Don’t Marry Them Until This is True

No single decision will impact your spiritual life more than your choice of a spouse, so dating is an opportunity to get really, really honest because marriage commits you to working it out.

You must know them, who they really are (and vice versa). But there is so much to unpack about a person. How can you get to know them as best as possible?

Don’t marry someone until you’ve…

#4 — Known them for three years

Psychology says that it takes three years to fully get to know a person. While this is relative based on how often you see a person and what those interactions include, three years is still a good number to stand by.

The point is for enough time to pass so you can recognize patterns, habits, and the big picture of who a person is. Let them develop a new past. Power through a hectic season, lag along during a slow season. Learn how they handle each.

See them in multiple contexts: formal, muddy, and casual. Learn how they feel about rented bowling shoes and how they handle slow internet. If you grabbed their hand to dance in a public space, would they crumble with embarrassment or go with the flow?

Learn who they are as a wholistic being, their overall reputation versus just how one group thinks of them. What were they like as children? Who are they today? Where do they want to go in the future? A person is so much more than the chapter you walk in on.

#3 — Had a mutually painful argument

There is not a single marriage in the past, present, or future that is free from trouble. Relationships are guaranteed to have struggles (1 Corinthians 7:28b), so relationships are—in large part—about problem-solving.
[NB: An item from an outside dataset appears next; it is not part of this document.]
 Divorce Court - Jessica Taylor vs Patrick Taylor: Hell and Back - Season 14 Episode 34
You need a partner whose problem-solving abilities complement yours. But how will you know if this is the case if you don’t encounter any problems before getting married?
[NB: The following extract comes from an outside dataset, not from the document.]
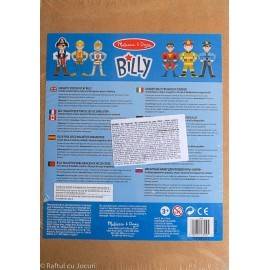 SET MAGNETIC - SĂ-L ÎMBRĂCĂM PE JOEY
This is a branch of the benefits of knowing someone a while before getting married. If you are consistently interacting with the other, you will inevitably come across a less-than-ideal situation that challenges one or both of your cool heads.

Handling external situations is certainly one regard, but having a mutually painful argument between the two of you will shed much-needed light on how each handles conflict resolution. Are they one to spaz out or internally brood? Should your role be to confront or let them reflect?
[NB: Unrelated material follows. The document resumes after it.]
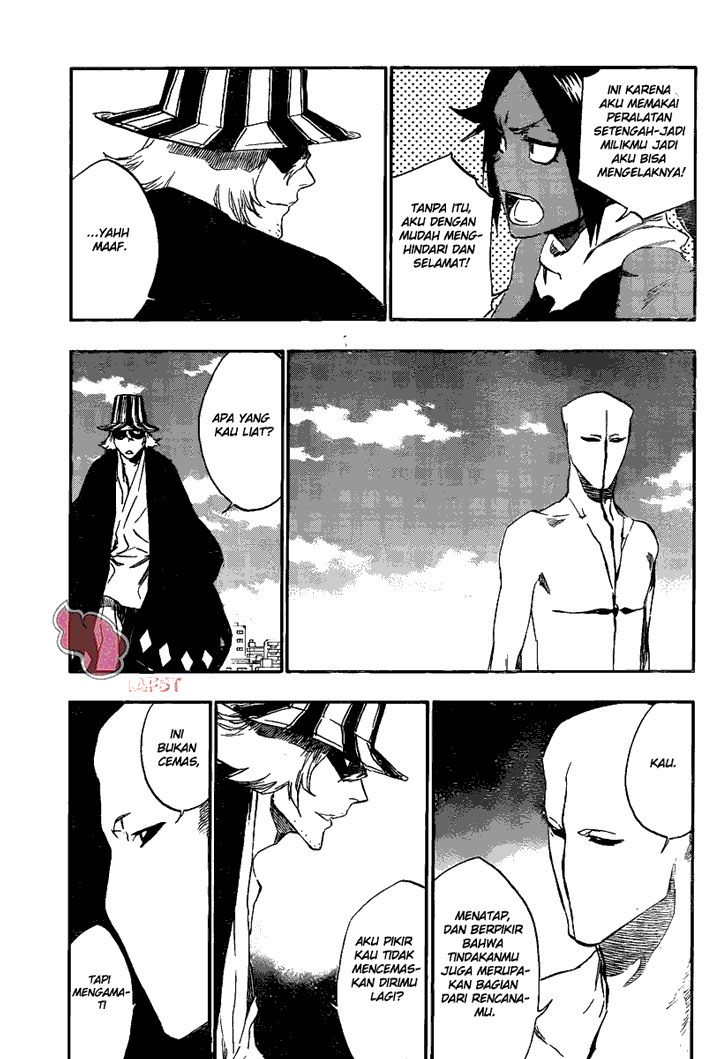 Read Bleach ID Manga Online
Regardless, you both need to have a determination to resolve a situation rather than push it under the rug or throw the entire relationship away. That’s what soulmates are, anyway: just two ordinary people who refuse to let the world tear them apart.

#2 — Trust them

Marriage is raw. Walls come down. Things get real. It is the closest, most intimate relationship you will ever have with another human, so you shouldn’t marry someone unless you know without a shadow of a doubt that you can trust them.

They will come to know more about you than anyone else and have far more influence on where you go in life. They will be your Jiminy Cricket and your devil’s advocate, the dream crusher who keeps your reality in check. Do you value their perspective?

Do you admire their morals and values? Would you entrust them with your life or with shaping those of your children? To love is vulnerable— in the present but also where that journey could take you. Vulnerable, but oh so beautiful.

“The most intimate thing we can do is to allow people we love most see us at our worst. At our lowest. At our weakest. True intimacy happens when nothing is perfect.”

-Amy Harmon

You cannot be close to anyone without them eventually hurting you. Things will go down, and you need to know without a shadow of a doubt that—beneath the human you are privileged to call a husband or wife—you have a best friend you trust with your life.

#1 — God is first

A marriage is only as strong as the reason for getting married, so that reason needs to be outside of two fallible human beings. Your why has to be God-centered and God-focussed. You have to commit to God before you commit to him or her.

We are not capable of loving an imperfect person perfectly, merely exporting what we have received from Love Himself. So you have to be in tune with your heavenly Father for any chance of being a blessing to your spouse.

“Whom have I in heaven but you? And there is nothing on earth that I desire besides you.”

-Psalm 73:25

Finding your sufficiency in Christ alone will also free you of “needing” your spouse. If you “don’t need” them, you will be free of the fear that cripples brutally honest love. You will be free to say what they need to hear instead of what they may want to hear— all because Christ is all you need, not a positive standing in another’s eyes.

Your reason for marrying someone should capture that ultimate purpose: loving God and loving others for the sake of advancing His kingdom. A potential spouse should make you stronger in these areas, set you on fire for the mission God has placed on your heart, and draw you closer to Christ.

They are not meant to be someone who makes you happy as the world measures comfort but an instrument of righteousness, a jagged rock, a spiritual irritant who bumps and nudges you closer to Christlikeness— for the sake of the world.